I have an options account with TD Ameritrade. It took a few clicks to get. But it's pretty convenient traditional finance can be redefined when needed.
This doesn't change what the GP said. I have an options account with my bank too, but I had to sign all kinds of disclosures and wait to be approved. I also had to demonstrate a minimum net worth.
What made Robinhood (originally) unique was stripping away those protections, or otherwise automating them away in a mobile app. We have lots of concrete examples of people losing their life's savings on Robinhood, in no small part because of how easy it made leveraging oneself.
Sure if you are being pedantic you got me. I was just trying to make the point that there are very risky positions you can hold in traditional finance as well and you can be down thousands of percent.
> Crypto is performing far worse than even the riskiest decile of the stock market. Which should surprise nobody.
> This is not true. The riskiest stocks are down thousands of %.
I mean, sure looks like you were trying to argue that crypto isn't performing worse than the riskiest decile of the stock market, which just isn't true at all.
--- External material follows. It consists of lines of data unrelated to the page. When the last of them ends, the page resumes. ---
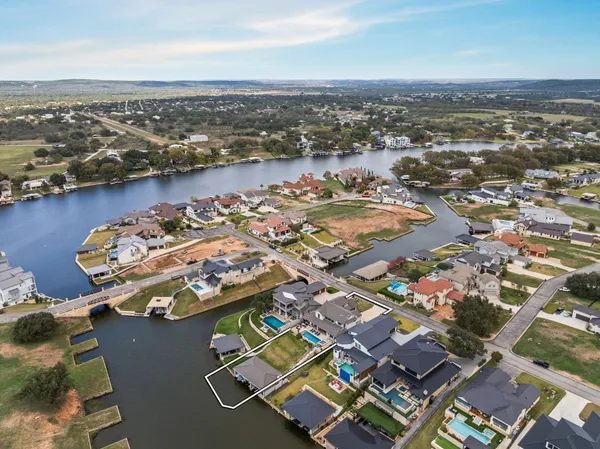 an aerial view of a city with ocean view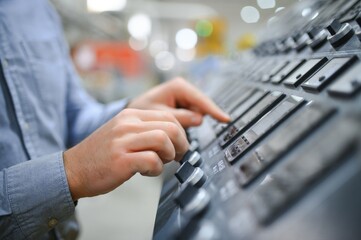 Hand of engineer turn power button on panel control machine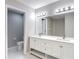 Bathroom featuring double sink vanity with white cabinetry and modern lighting at 12043 Centralia Rd, Weeki Wachee, FL 34614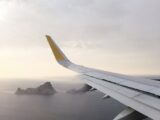 airplane wing above body of water during daytime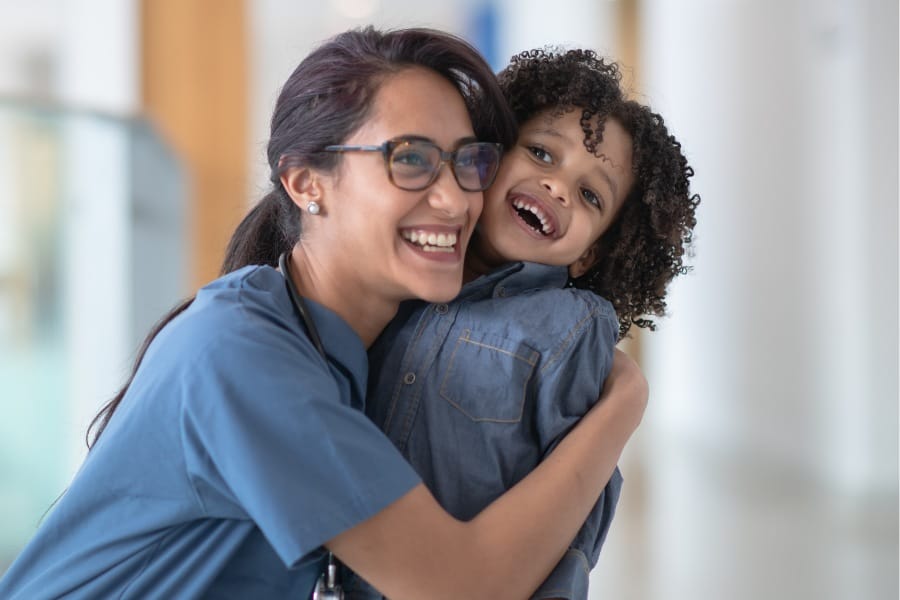 A young patient laughing with her at home nurse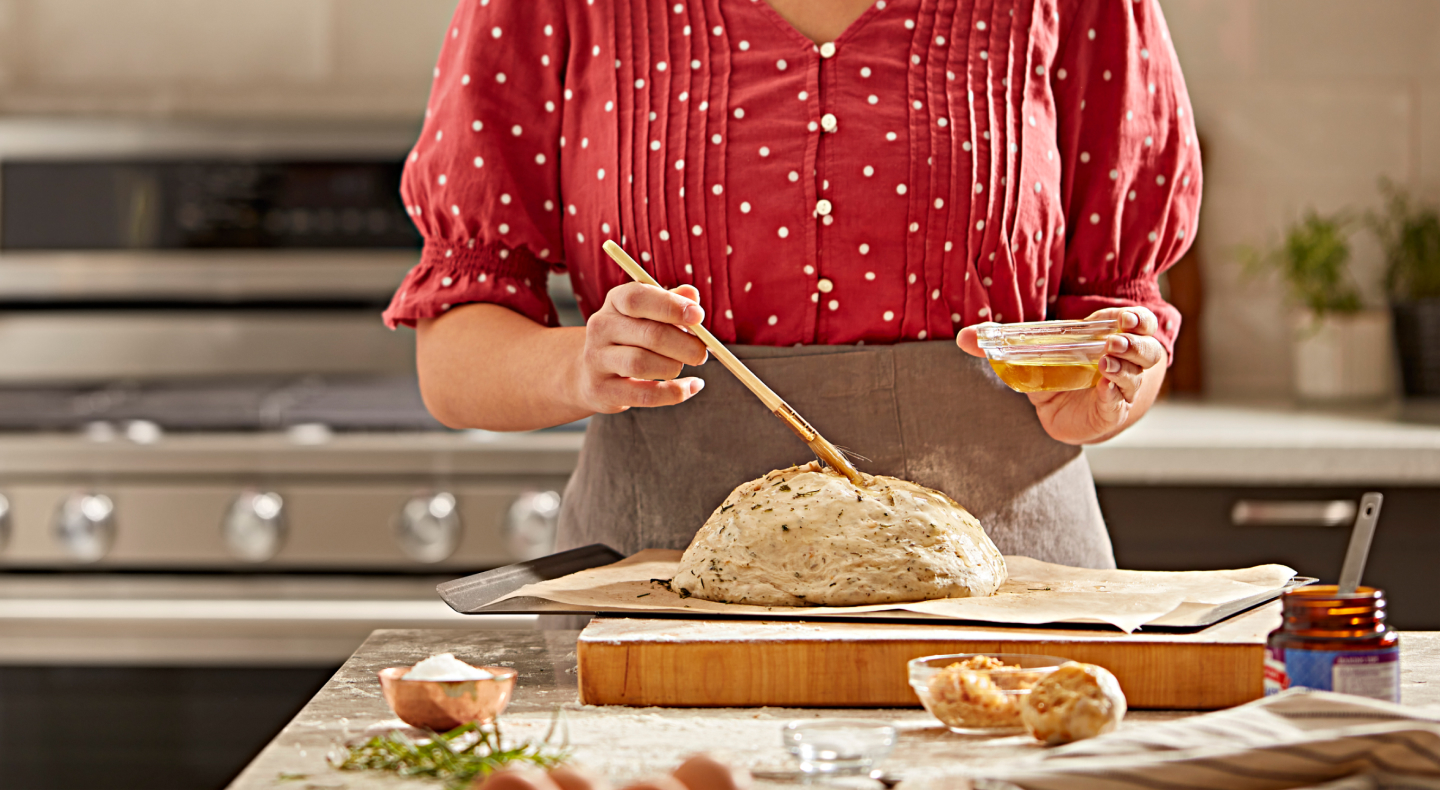 Person brushing egg on bread dough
A long position in an option can't be down more than 100%.
The only commonly traded way to lose more than you started with are futures (not available on most retail platforms) and CFDs (not legal in many markets, including the USA).
Selling an uncovered call in theory (or selling a stock short) opens you to infinite losses - though brokerages are loathe to give you this capability it does exist.
Sure, but that's not what's being discussed in this thread.
"The riskiest stocks are down thousands of %" is untrue regardless of whether that position was in regular shares or /r/WSB style 10,000 calls expiring Friday.
This is true but all that it proves is that Bitcoin is incredibly volatile.
It seems like the pro-crypto arguments end up being circular sometimes (not from the same person but the community).
If the market is good, it's a great investment.
If the market is bad, buy the dip!
If it's unstable, remember all thos people who made money?
If it's stable, well it's a currency after all.
There are so many people who view crypto differently there's always someone there to sing it's praises. I'll still have no idea what crypto is supposed to be aside from a vehicle for fraud.